The description of Perl subroutine

(In the index of "Language reference" the description is called "perlsub - subroutine function". What is a subroutine function?)

I suppose the intention of perlsub is to describe the subroutine mechanism in Perl.

This is one of the key parts to understand the usage of a Perl subroutine: From perlsub:

The Perl model for function call and return values is simple: all functions are passed as parameters one single flat list of scalars, and all functions likewise return to their caller one single flat list of scalars. Any arrays or hashes in these call and return lists will collapse, losing their identities--but you may always use pass-by-reference instead to avoid this. Both call and return lists may contain as many or as few scalar elements as you'd like. (Often a function without an explicit return statement is called a subroutine, but there's really no difference from Perl's perspective.)

(According to the glossary a function refers to a "subroutine or operator that returns a value". The sentence in parenthesis is a bit confusing.)

I have also been misled to think that the text above applies to all the functions described in index-functions.

My proposal is to change the text to:

The Perl model for subroutine call arguments and return values is simple: all subroutines are passed as arguments one single flat list of scalars. All subroutines return a return value, which is one single flat list of scalars. Any arrays or hashes in these call and return lists will collapse, losing their identities--but you may always use pass-by-reference instead to avoid this. Both call and return lists may contain as many or as few scalar elements as you'd like.

And to add this:

The arguments and return values are transferred using the argument stack. The arguments in the script source code is processed (evaluated) to store them in the argument stack. This is done before the subroutine definition is called.

The syntax patterns in the beginning of the descriptions of functions implemented by subroutines, describe the content of the argument stack after the per-processing (evaluation) of the arguments.

(argument stack must be added to perlglossary. Argument stack is described in perlguts

The description of the function split

In the description of the Perl functions it isn't always stated how a function is implemented.

Split is not implemented as a subroutine and does not behave like a subroutine. At least the differences in the processing of the arguments compared to the normal processing of those to a normal Perl subroutine must be described.

The syntax pattern for split describes the source code, not the result after per-processing of the arguments as it is for a subroutine.

If you call split like this @rv = split $_[0], @_[ 1 .. 2 ] you get the return value undef. This is_deeply [ $_[0], @_[ 1 .. 2 ] ], [ qr{(:)}, 'a:b:c', 99 ] is ok.

I had expected a warning or error exception.

All of this is perhaps errors in the implementation if split.

Summary

I understand that it is impossible to do big changes to the documentation of Perl.

Is there something small that can be done?

I believe that one of the first thing to do is to improve is perlglossary.

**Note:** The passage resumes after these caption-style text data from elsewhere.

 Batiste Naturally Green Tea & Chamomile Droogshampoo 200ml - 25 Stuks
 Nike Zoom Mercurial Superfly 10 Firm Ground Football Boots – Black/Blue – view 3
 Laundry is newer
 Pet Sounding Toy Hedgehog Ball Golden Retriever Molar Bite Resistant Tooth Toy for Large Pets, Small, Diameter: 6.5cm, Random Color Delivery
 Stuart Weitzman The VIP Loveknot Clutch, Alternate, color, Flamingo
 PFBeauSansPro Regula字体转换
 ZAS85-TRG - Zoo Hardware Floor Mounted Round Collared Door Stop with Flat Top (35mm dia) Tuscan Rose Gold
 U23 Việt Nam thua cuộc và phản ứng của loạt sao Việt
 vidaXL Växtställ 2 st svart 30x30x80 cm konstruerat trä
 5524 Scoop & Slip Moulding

Definitions of meanings from a Perl's perspective should be added.

Perhaps there could be two glossaries. One general and computer science focused and one with the Perl specific definitions used in the documentation of the Perl language.

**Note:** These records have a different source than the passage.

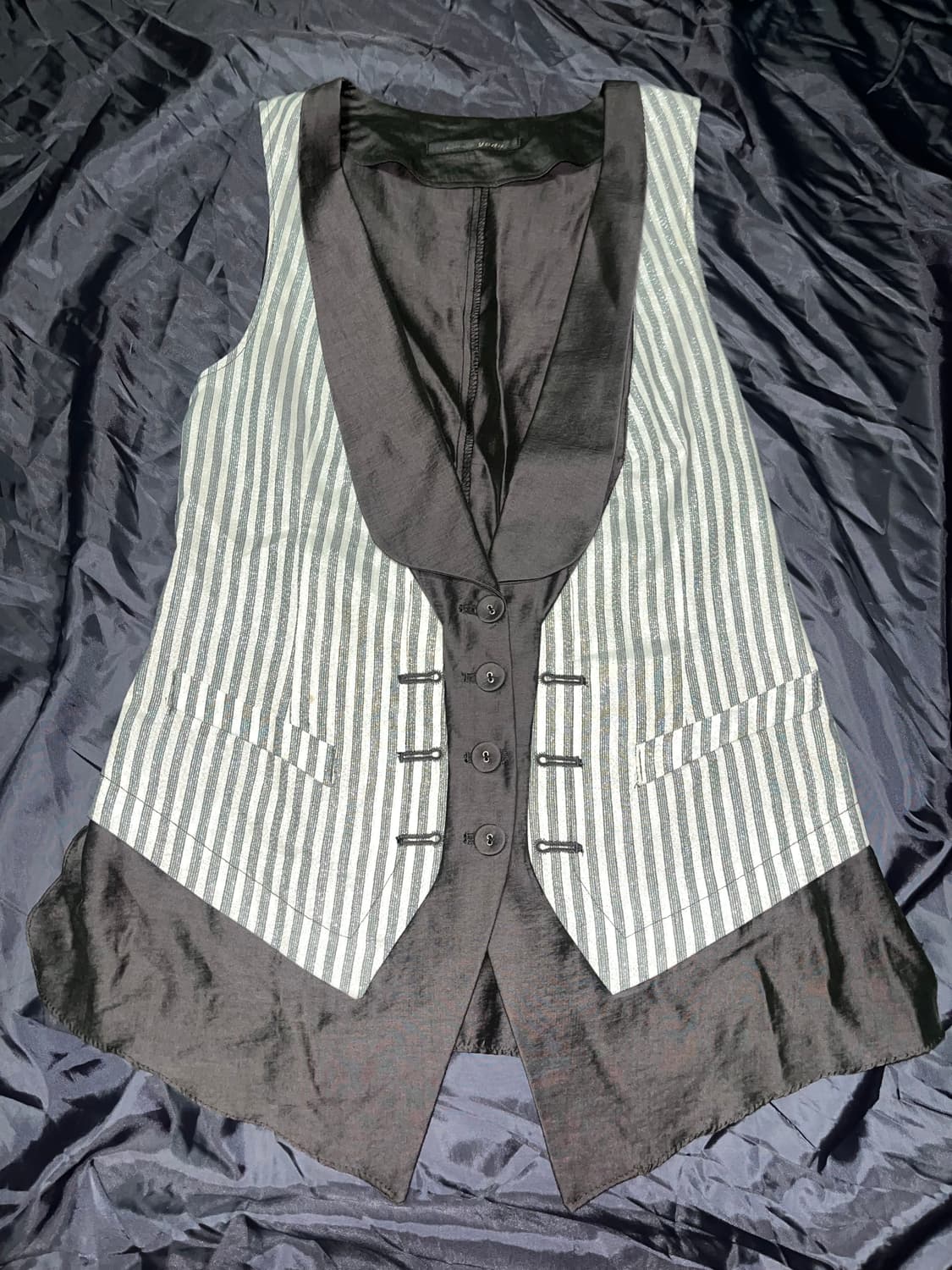 Y2k geek Vest 상품이미지1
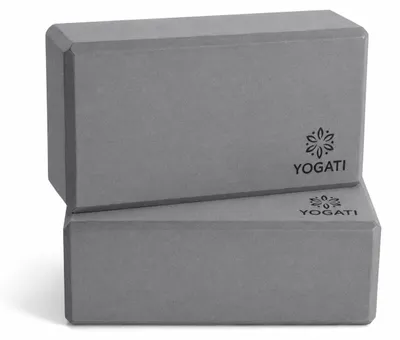 Image de Ensemble de deux blocs de yoga, gris, en mousse, pour le yoga et la stabilité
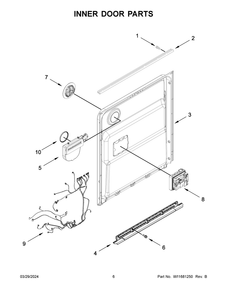 Part Location Diagram of W11613487 Whirlpool DEFLECTOR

Replies are listed 'Best First'.
Re: My problems to understand the Perl documentation
by LanX (Cardinal) on Aug 22, 2020 at 21:48 UTC
    Some older languages had/have a clear separation - syntactic and semantic - between subroutine and function!

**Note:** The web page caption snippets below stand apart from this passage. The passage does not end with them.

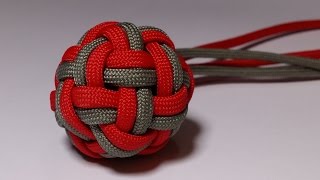 How to make a Double Globe Knot by ParacordKnots [upl. by Notsgnik]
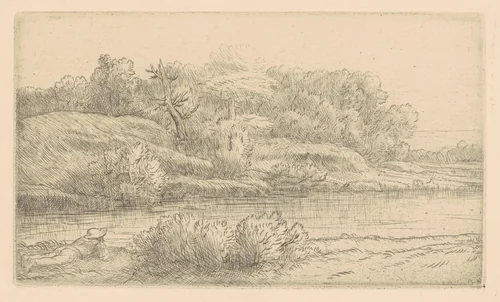 Banks of the Venelle (Bord de la Venelle) by Alphonse Legros, print, 1877-1900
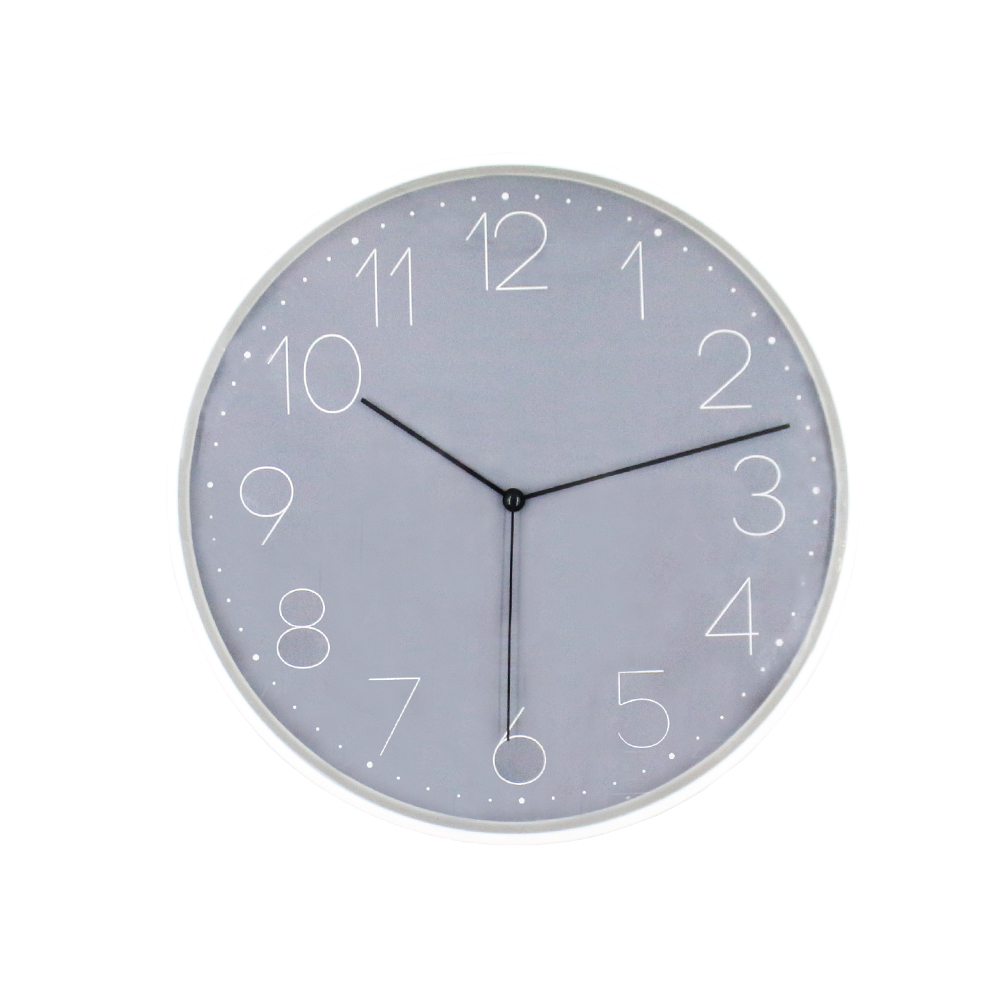 Wall clock BRONDBY Ø30cm grey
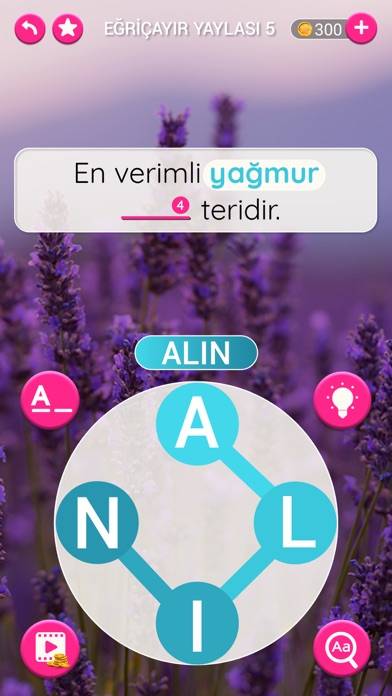 Kelime Gezmece 2: Kelime Oyunu App screenshot #5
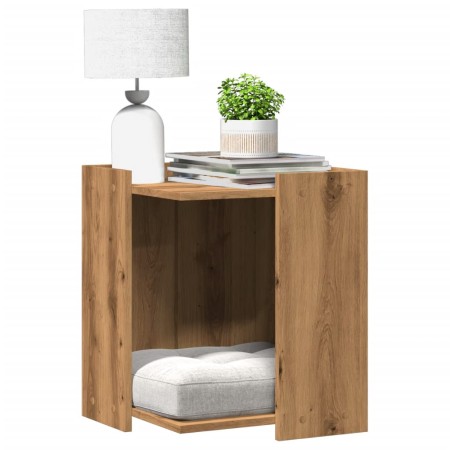 Mueble arenero para gatos madera roble artisian 42x42x51 cm de , Mobiliario para gatos - Ref: Foro24-857750, Precio: 42,27 €,...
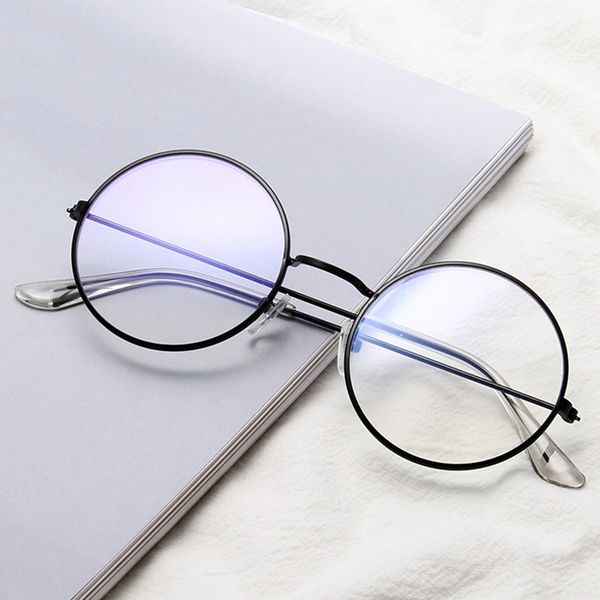 retro round frame glasses frame comfortable and light glasses small fresh fashion colorful flat mirror, White;black
retro round frame glasses frame comfortable and light glasses small fresh fashion colorful flat mirror, White;black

    Perl doesn't, but explains the terminology for people coming from there.

    perlfunc describes builtin "functions" in CORE::

    Most can be replicated with with pure Perl when using prototypes , so those "flat list arguments" don't apply in these cases.

    Other built-ins can't be replicated because they require special parsing of their arguments.

    The " mathematical function" part is misleading, because Perl's subs can have side-effects, like altering passed or global or closure variables.

    Compare that to languages like Haskell which do their best to be side-effect free like mathematical functions.

    Operators in perlop are indeed built-in functions with special syntax, context and precedence. You can replicate $a+$b*$c with add( $a, mul( $b, $c ) ) and in some docs you'll find function like built-ins called "operators"

    The goal you seem to have is to define Perl in Lisp'ish way, where everything can be derived from a small set of axioms.

    I doubt that's possible, because the creators cared more about DWIM than orthogonality.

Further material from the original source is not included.